And I want to be clear here: This wasn’t one of those “Beauty is in the eye of the beholder” situations either. I knew—the same as everyone else knew—that what we were looking at was dreck. I knew that, by any real measurement, the poster was a disaster. The proportions were bad and the shading was bad and the general composition was bad. But it just didn’t matter, and I just did not care. Charlie reminded me of someone that I knew, and that was enough to make me lie about the whole thing.
Gina Rodriguez has a new movie out. It’s called Miss Bala. It’s not very good.
The Second Review
In Miss Bala, Gina Rodriguez plays Gloria Fuentes, a Los Angeles–based makeup artist who accidents her way into the middle of a war in Mexico between a drug cartel, the DEA, the CIA, and the Mexican police. And as much as that sounds like a good premise for a movie, and as much redline tension as there is in the 2011 Spanish-language version of Miss Bala, this new version just isn’t that, and doesn’t feel like that. It’s bad. And not bad in a fun way. It’s bad in a boring way.

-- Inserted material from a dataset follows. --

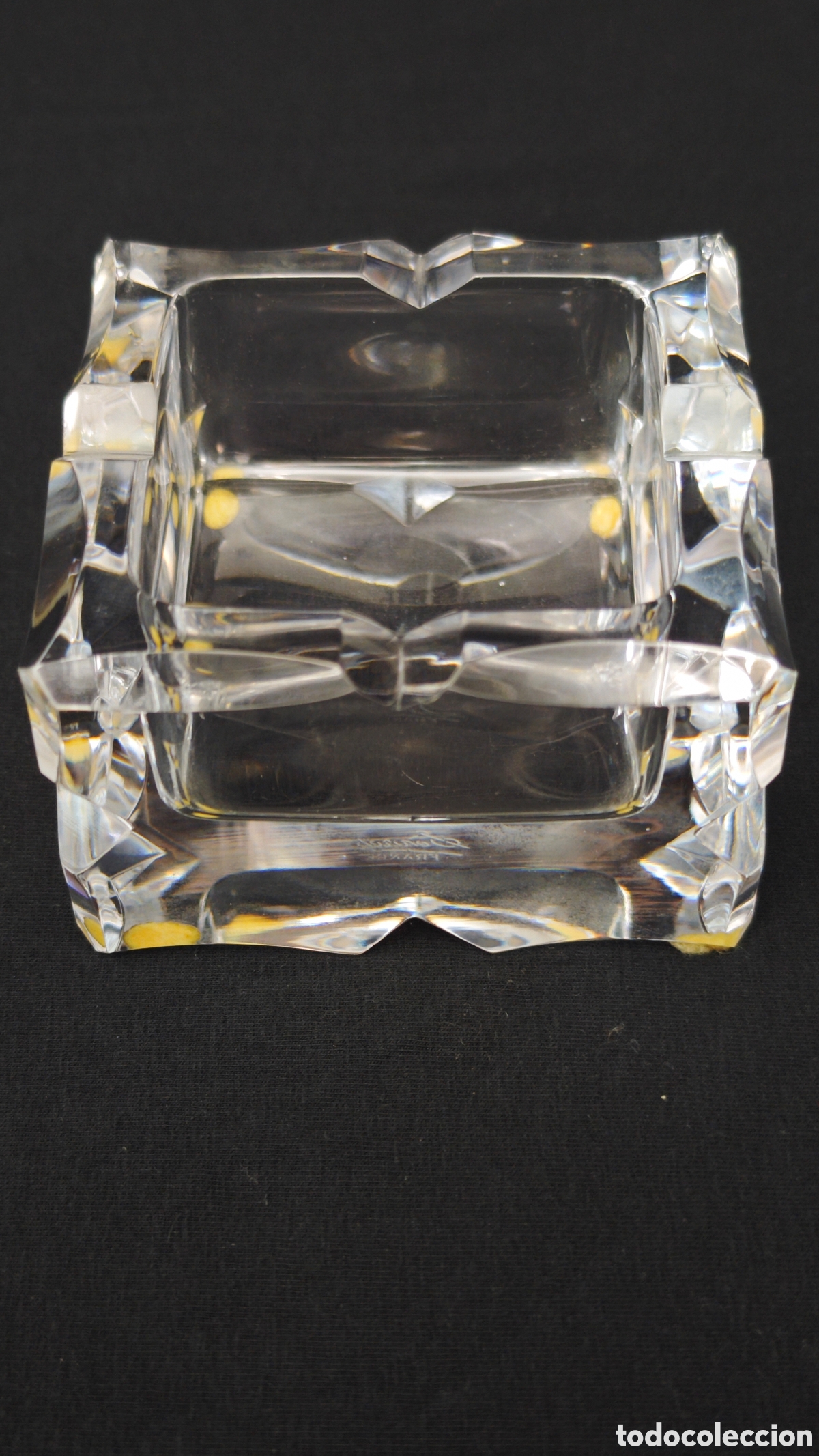 Antig&uuml;edades: Cenicero vintage en cristal tallado de S&egrave;vres (Francia) - Firmado en base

And to be sure, Rodriguez is as good as she’s allowed to be in the movie—there’s a part in it where she has to decide between letting an innocent woman get murdered in front of her or expose herself as a mole for the DEA and Rodriguez packs an undeniable amount of emotion into that moment. And there’s an interesting story line that begins to peek its way out in which Gloria grapples with the idea of not being American enough to live in America and also not being Mexican enough to live in Mexico, but it doesn’t quite deliver. (More trenchant, unfortunately for her and also somewhat ironically, are the accusations of expressing anti-black sentiments she’s faced in real life these past few months.) But that’s about where the goodness ends. The rest of the movie feels inert and is inert.